Restate every entry verbatim; drop the pictures.

▸ **THE INPUT**:
________________________
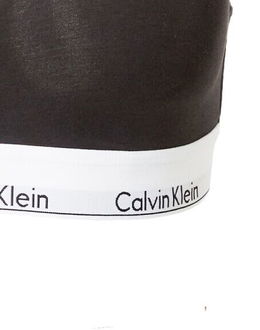 Calvin Klein Underwear Podprsenka  čierna / biela 9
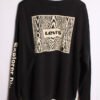 sudadera-vintage-deportiva-37.jpg Sudadera Vintage Levi´s Negra "XL/2XL"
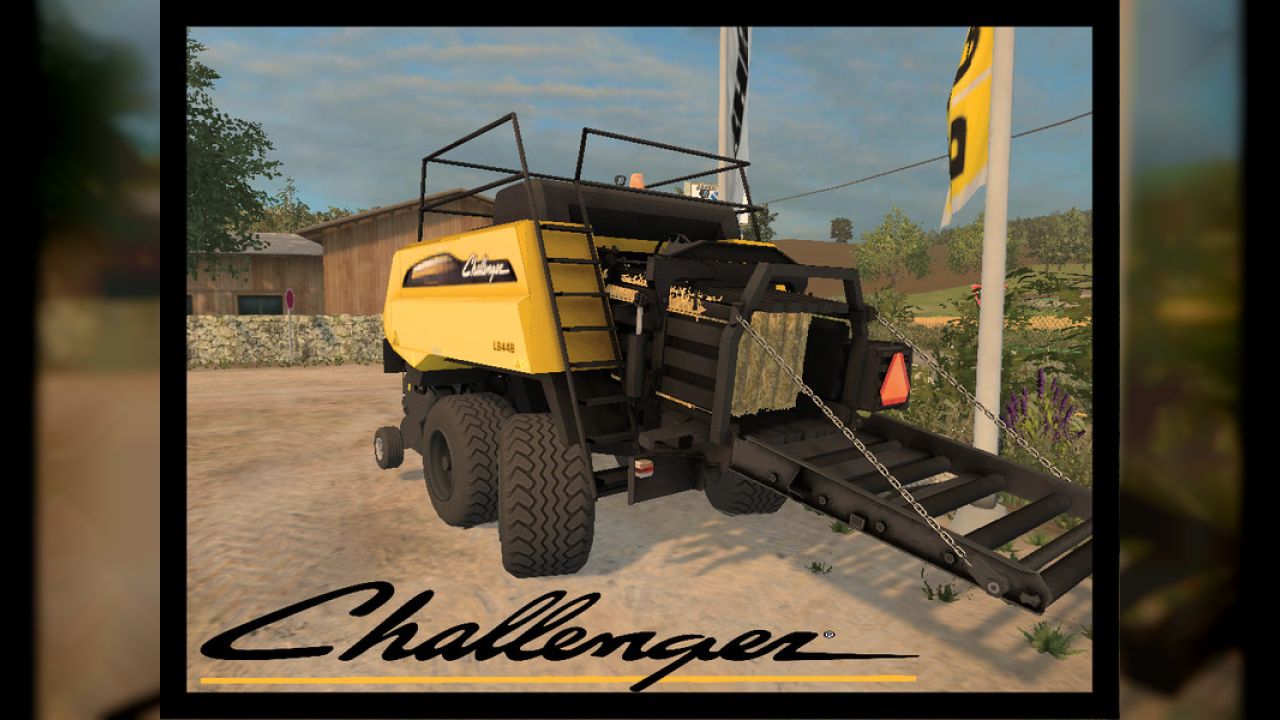 Challenger LB44B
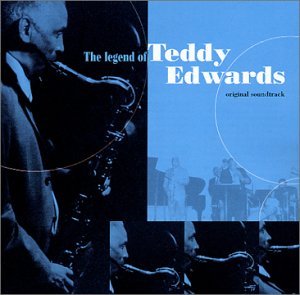 Cover for Edwards Teddy · The Legend of Teddy (CD) (2001)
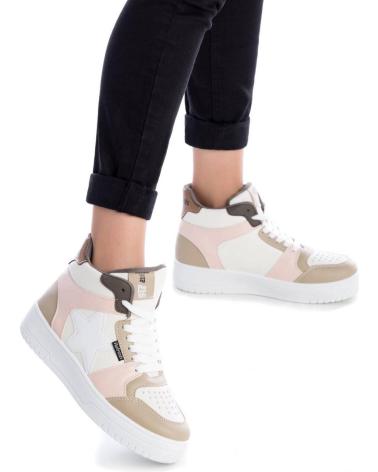 Zapatillas deporte de Mujer REFRESH 170113 BEIGE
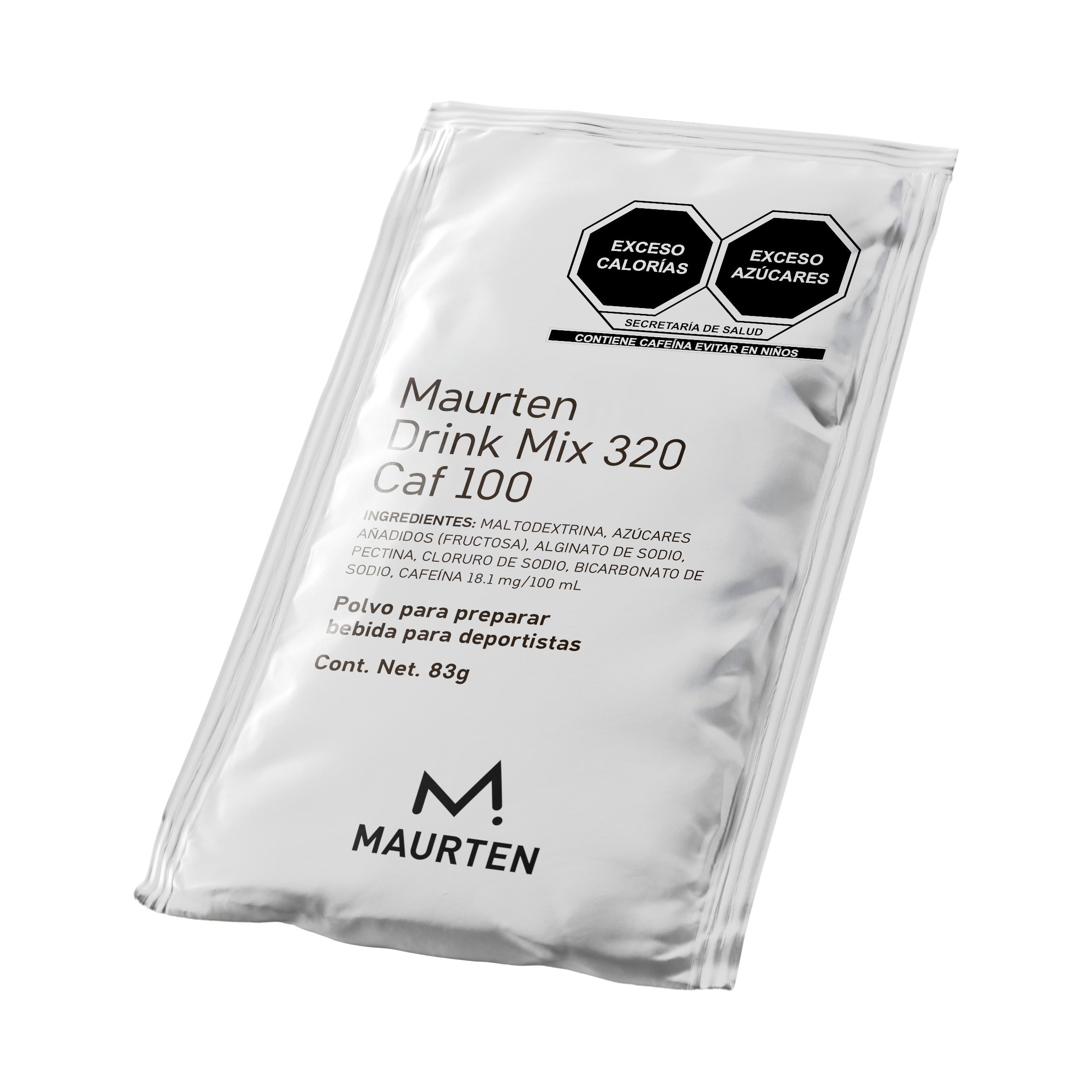 DRINK MIX 320 CAF 100 MAURTEN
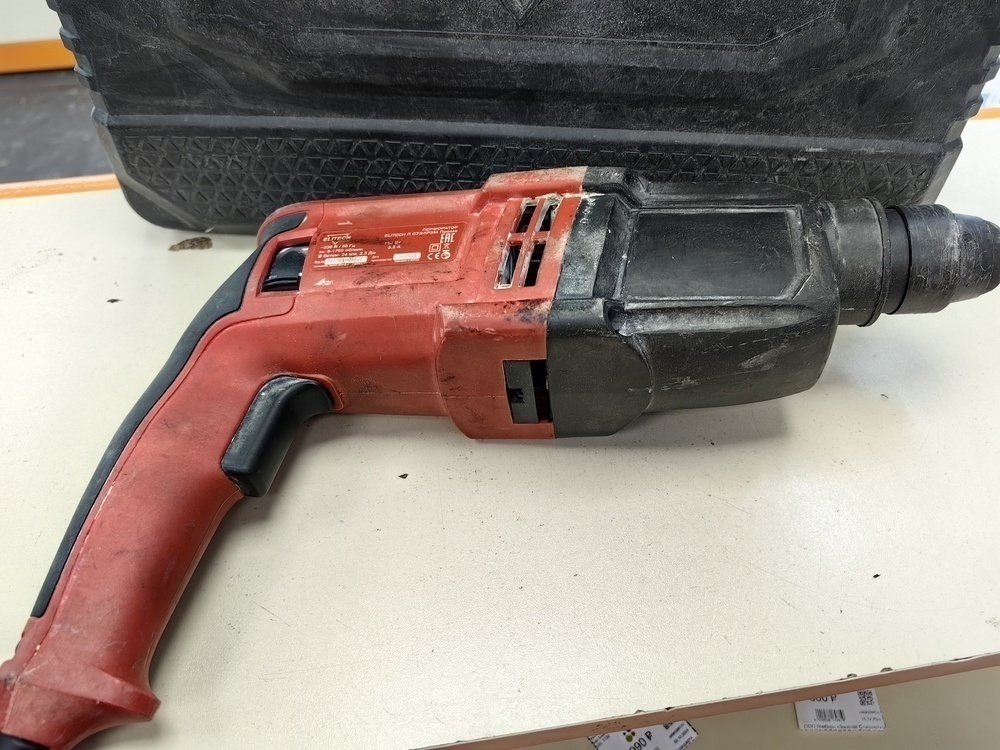 Перфоратор Elitech П0724РЭМ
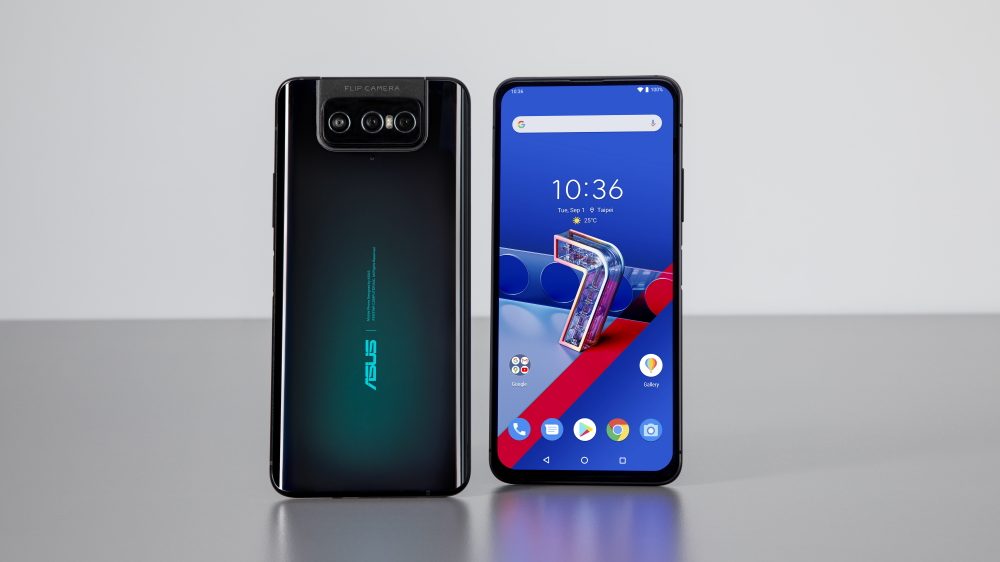 ASUS lancerer Zenfone 7 og Zenfone 7 Pro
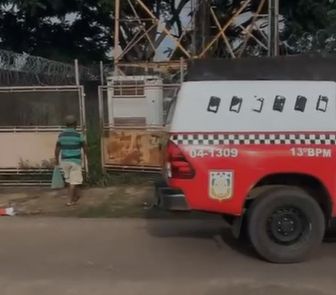 Imagem - Corpo em avançado estado de decomposição é encontrado em Tucuruí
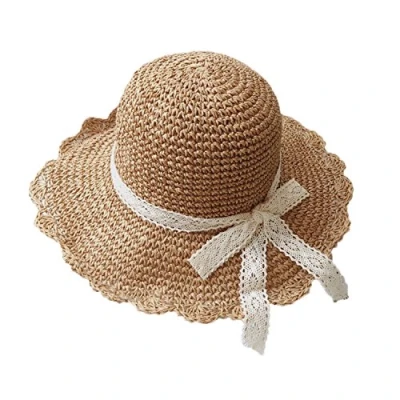 Afbeelding van AfinderDE Zomerhoed voor dames, opvouwbare vissershoed, zonnehoed, strandhoed, zomerhoed, vrouwen, anti UV hoed, outdoor, brede rand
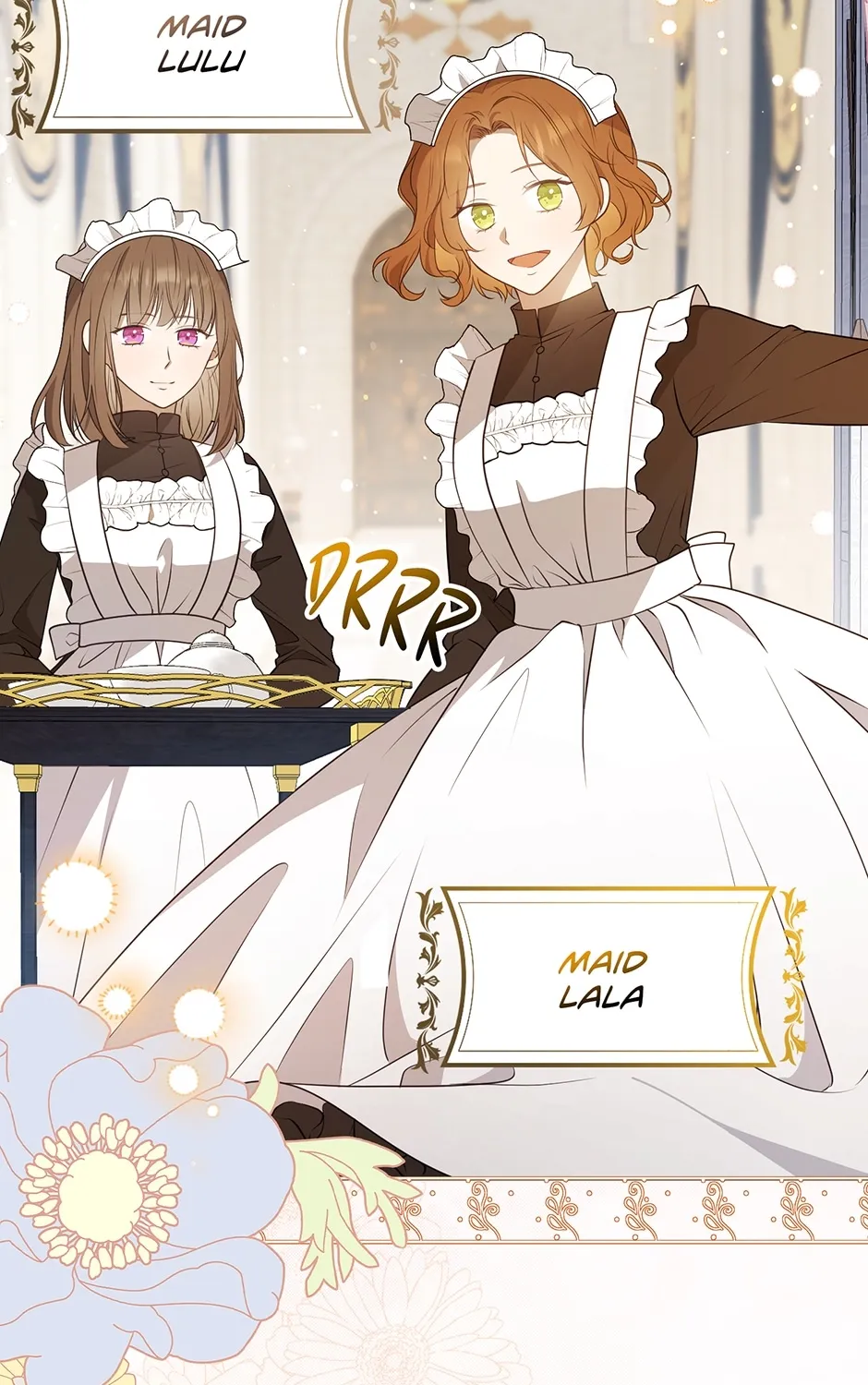 The Gangster Daughter of the Henchman Duke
________________________
▸ **RESULT FOR THIS TASK**:
 Calvin Klein Underwear Podprsenka  čierna / biela 9
 sudadera-vintage-deportiva-37.jpg Sudadera Vintage Levi´s Negra "XL/2XL"
 Challenger LB44B
 Cover for Edwards Teddy · The Legend of Teddy (CD) (2001)
 Zapatillas deporte de Mujer REFRESH 170113 BEIGE
 DRINK MIX 320 CAF 100 MAURTEN
 Перфоратор Elitech П0724РЭМ
 ASUS lancerer Zenfone 7 og Zenfone 7 Pro
 Imagem - Corpo em avançado estado de decomposição é encontrado em Tucuruí
 Afbeelding van AfinderDE Zomerhoed voor dames, opvouwbare vissershoed, zonnehoed, strandhoed, zomerhoed, vrouwen, anti UV hoed, outdoor, brede rand
 The Gangster Daughter of the Henchman Duke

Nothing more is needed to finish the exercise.